The Secrets of Borneo

Exploring the tiny patch of forest next door in my pyjamas and flip flops was one of my favourite pastimes. Telling people that I had the ocean as my front yard and the mountain as my backyard was always fun too. I guess that’s just some of the perks you get for growing up on the island of Borneo. So let me share with you some secrets of the place that I fondly call home.

1. It’s not a country

Surprise! If you didn’t already know, Borneo is not a country. It’s actually composed of three different countries – Malaysia, Indonesia and Brunei. The Malaysian part of Borneo is divided into the two states of Sabah and Sarawak ; the Sultanate of Brunei is located between these two states. Meanwhile, the Indonesian part of Borneo is known as Kalimantan and is divided into the five provinces of Central, East, West, North and South Kalimantan.

Malaysia, Indonesia and Brunei – the three countries that make up Borneo.

2. It’s a really HUGE island

At 748,168 sq km, the island of Borneo is the third largest island in the world, right behind Greenland (2,166,086 sq km) and New Guinea (821,400 sq km). This also means that Borneo is more than three times the size of the UK and twice as large as Germany!

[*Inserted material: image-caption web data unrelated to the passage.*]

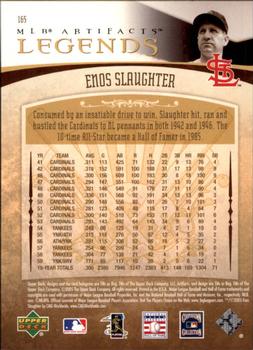 2005 Upper Deck Artifacts - Rainbow Red #165 Enos Slaughter Back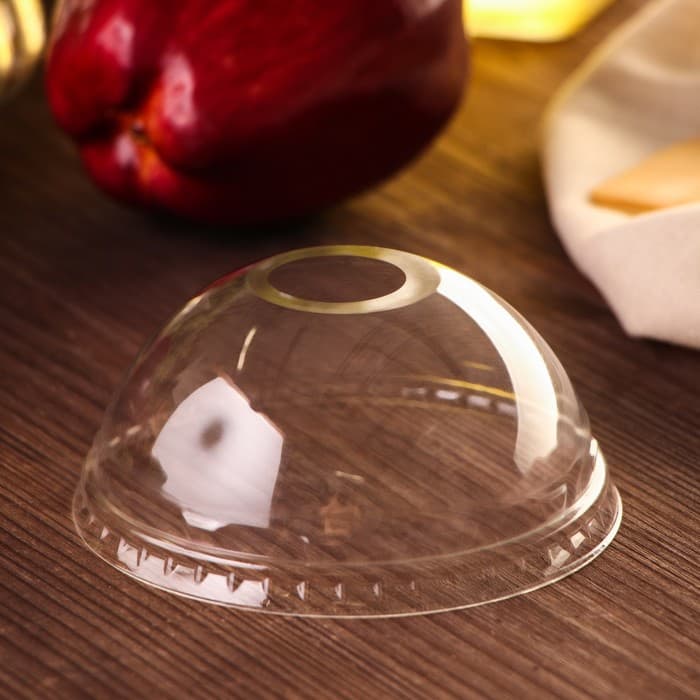 Крышка купольная пластиковая одноразовая ПЭТ, с отверстием для трубочки, d=9.5 см, прозрачная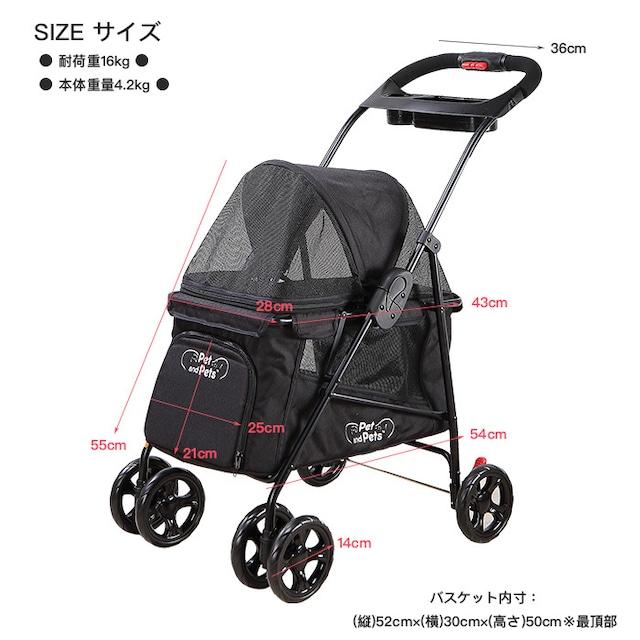ペットカート 4輪 折りたたみ 耐荷重16kg 猫 犬 petique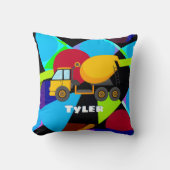 イエローセメントトラック、幾何形状子の名前 クッション (正面)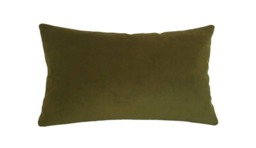 Deep Wasabi Green Velvet Suede Decorative Throw Pillow Cover/Case Cushion 12x20 - thumbnail 1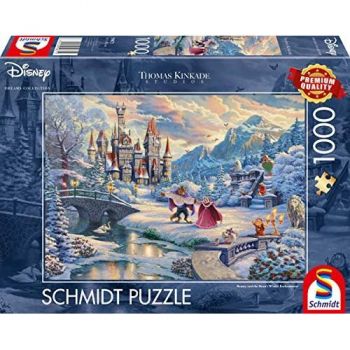 Schmidt Spiele Thomas Kinkade Studios: Disney - Beauty and the Beast, Magical Winter Evening (Limited Christmas Edition, 1000 pieces)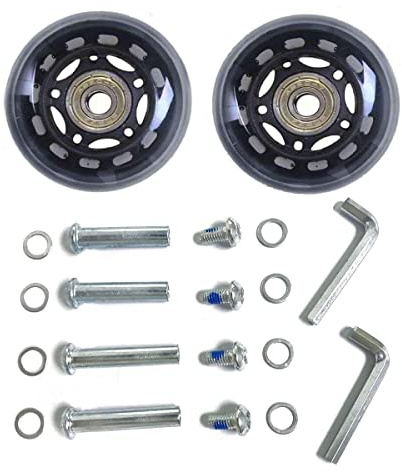 LOTOWELZON 2pcs Luggage Suitcase Replacement Wheels, 60mm Inline Outdoor Roller Skate Wheels with 8mm(0.31) Bearings 35mm 40mm Axles Wrenches Repair Set (OD60xTHK18mm/2.36 x0.7, Black&Clear)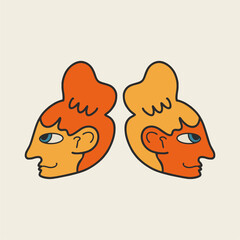 Acid-bright poster, two female heads. Design and print for t-shirts, bags, posters, invitations, cards, etc. Vector hand drawn illustration.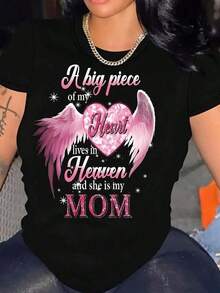 100% cotton Con el dibujo de alas de ángel y la frase "Acompañando a mamá en el cielo" - Regalo de color rosa suave, adecuado para la primavera y el otoño.Camiseta casual de cuello redondo, lavable en máquina. - Negro - Ver 6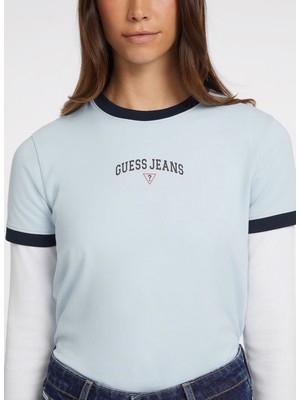 Guess Jeans Bisiklet Yaka Desenli Mavi Kadın T-Shirt Gj Ss Cn Reg Guess J - Mıd Organıc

Satellite image of the Island of Borneo.

3. The rainforest of Borneo is ancient

Estimated to be around 140 million years old, the Bornean rainforest is one of the oldest rainforests in the world (the Daintree Rainforest in Australia is older at 180 million years old, and the Amazon is younger at over 55 million years old). Historically, the island was entirely covered with dense forest. Despite being one of the world’s oldest and largest forests, most of the Borneo rainforest is being destroyed by deforestation. Borneo is projected to have lost 50% of its forest since the mid-1980s.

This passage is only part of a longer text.